WHAT TO PRODUCE: Starting at the line containing "3505 Sage Rd #508, Houston, TX 77056" and ending at the line containing "Fabulous White Linen Bedspread", transcribe the listing below exactly. Keep both end lines, skip the pictures, and copy nothing else.

RECORD EXTRACTS:

- Opening Delimiter -

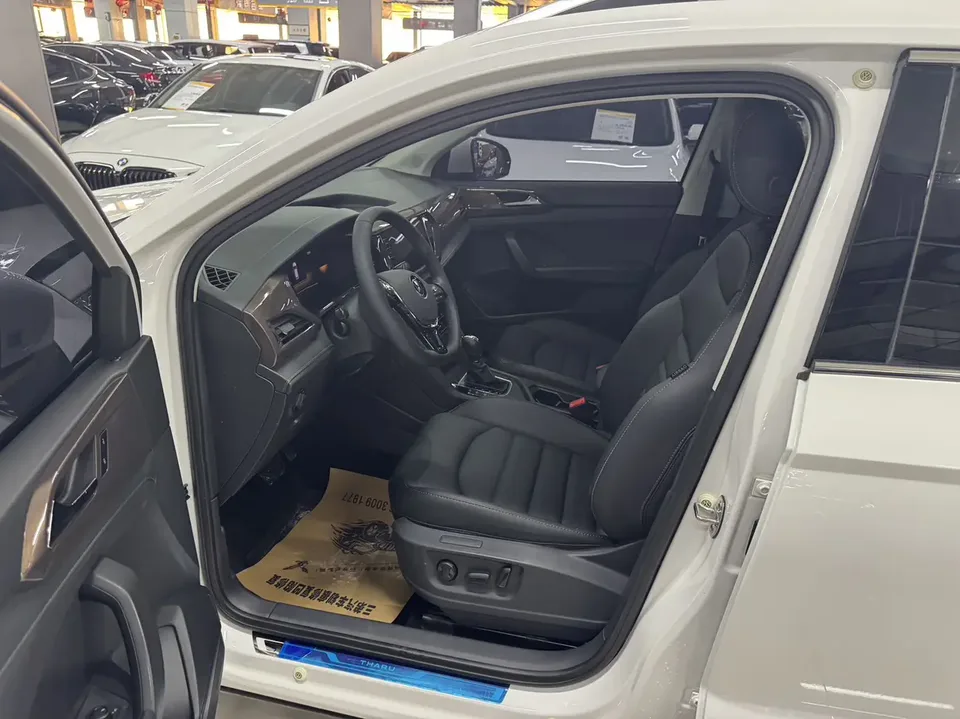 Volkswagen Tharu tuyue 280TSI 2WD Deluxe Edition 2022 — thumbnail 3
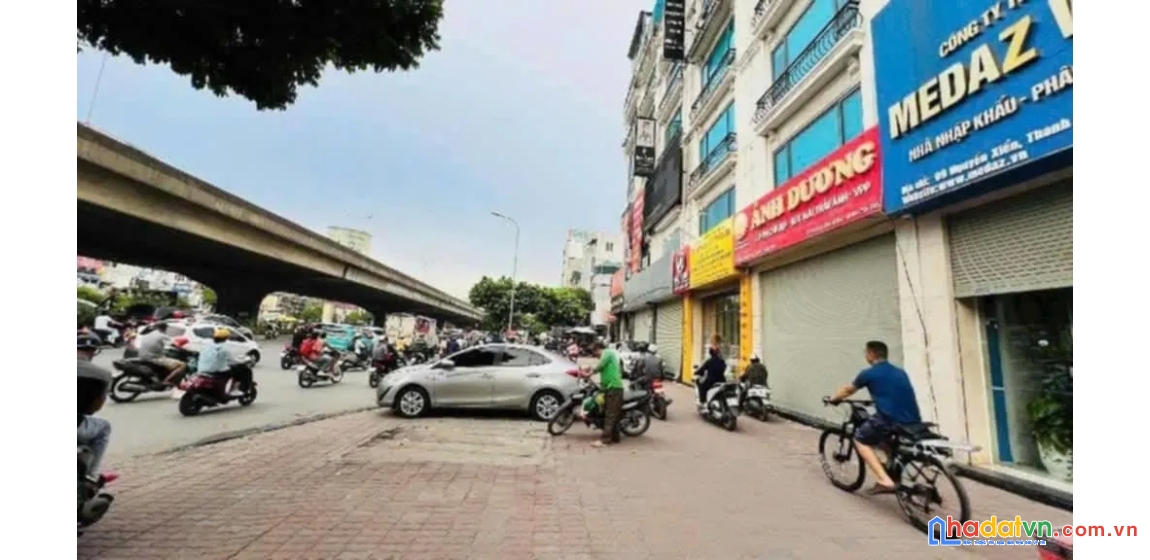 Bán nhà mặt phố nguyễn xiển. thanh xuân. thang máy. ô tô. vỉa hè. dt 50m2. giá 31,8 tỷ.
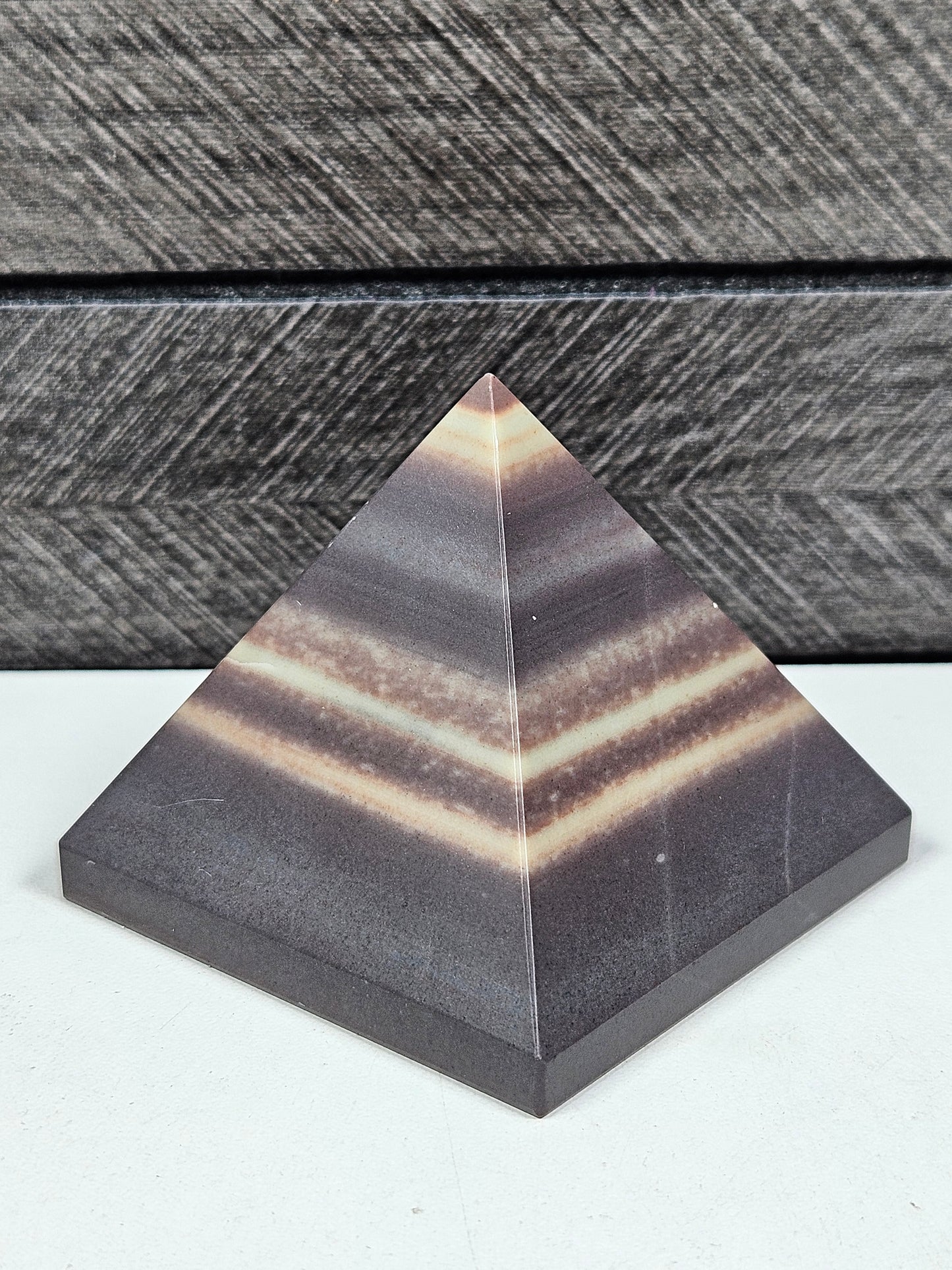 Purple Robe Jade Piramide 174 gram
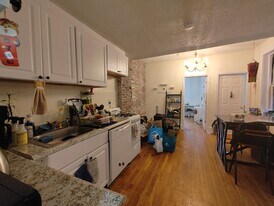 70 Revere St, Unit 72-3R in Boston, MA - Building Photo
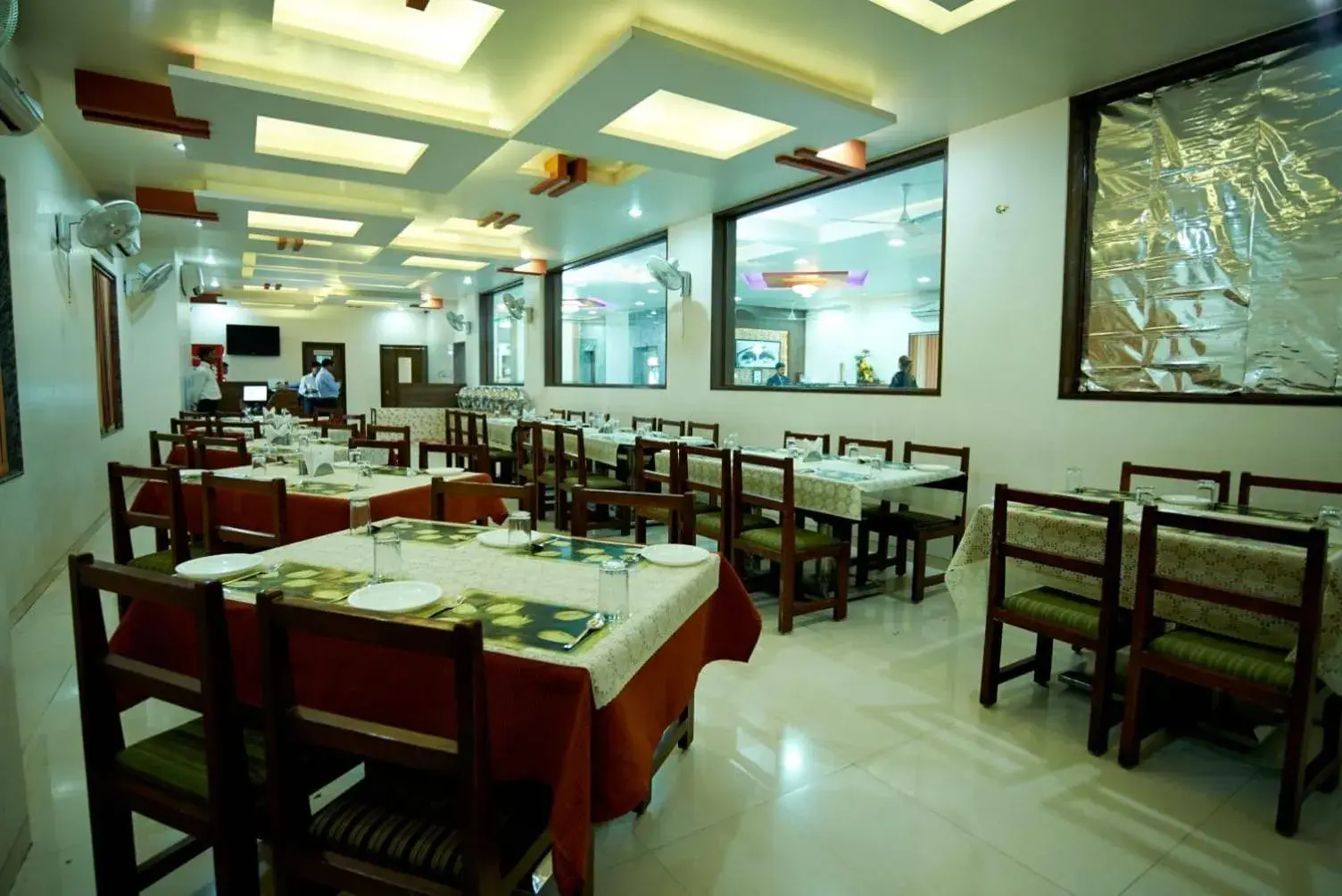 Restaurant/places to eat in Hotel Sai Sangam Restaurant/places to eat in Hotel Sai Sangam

- Closing Delimiter -
- Opening Delimiter -

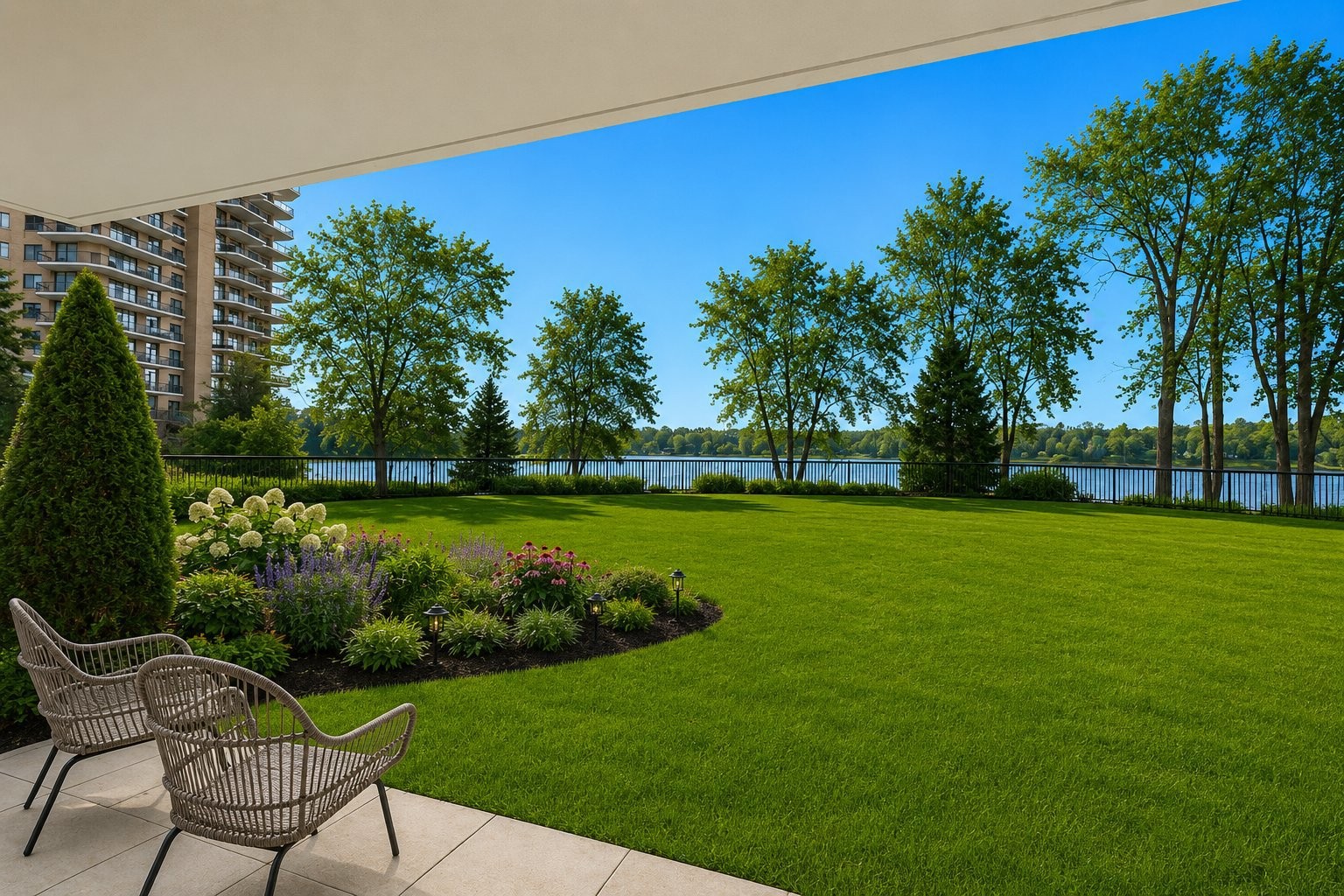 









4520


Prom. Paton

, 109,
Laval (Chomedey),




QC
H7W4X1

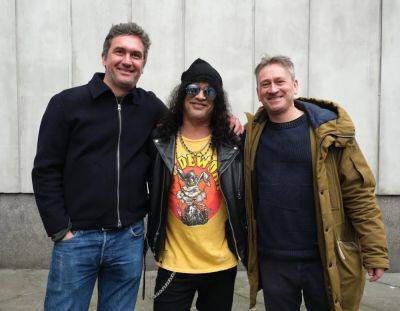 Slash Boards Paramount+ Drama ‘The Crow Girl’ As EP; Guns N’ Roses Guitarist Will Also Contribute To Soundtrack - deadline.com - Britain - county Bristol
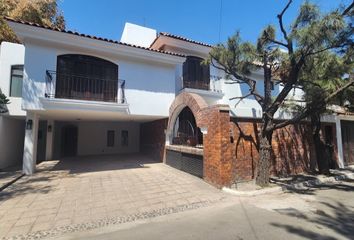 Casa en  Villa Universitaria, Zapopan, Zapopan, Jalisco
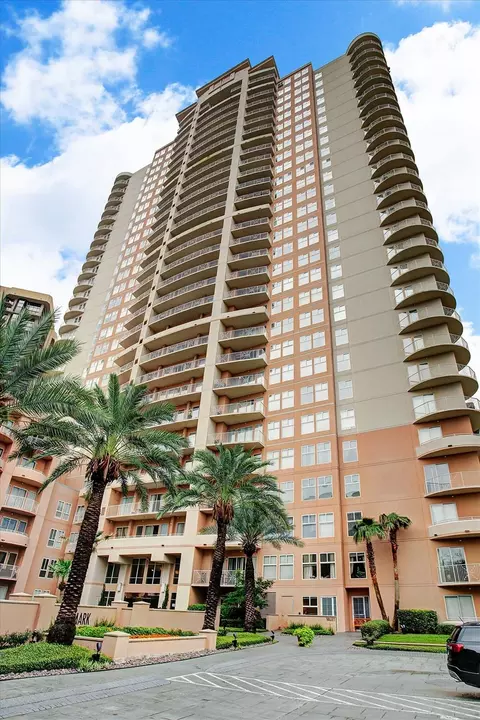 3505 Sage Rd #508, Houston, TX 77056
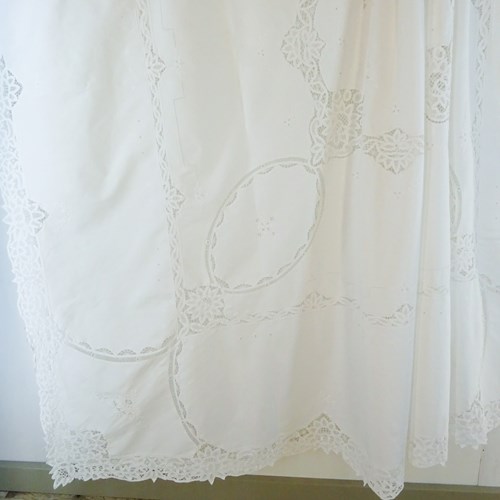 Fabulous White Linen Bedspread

- Closing Delimiter -
- Opening Delimiter -

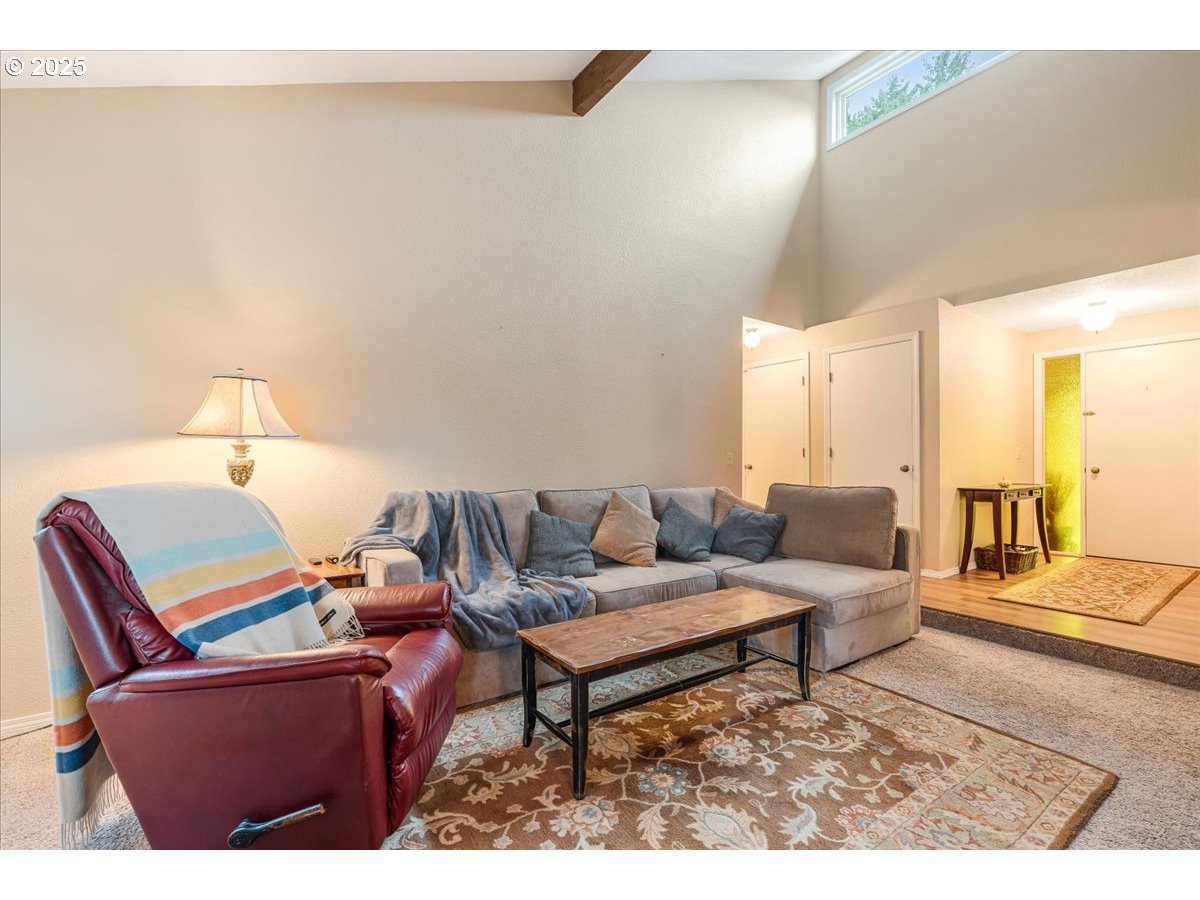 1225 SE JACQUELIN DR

- Closing Delimiter -

RESULT:
 3505 Sage Rd #508, Houston, TX 77056
 Fabulous White Linen Bedspread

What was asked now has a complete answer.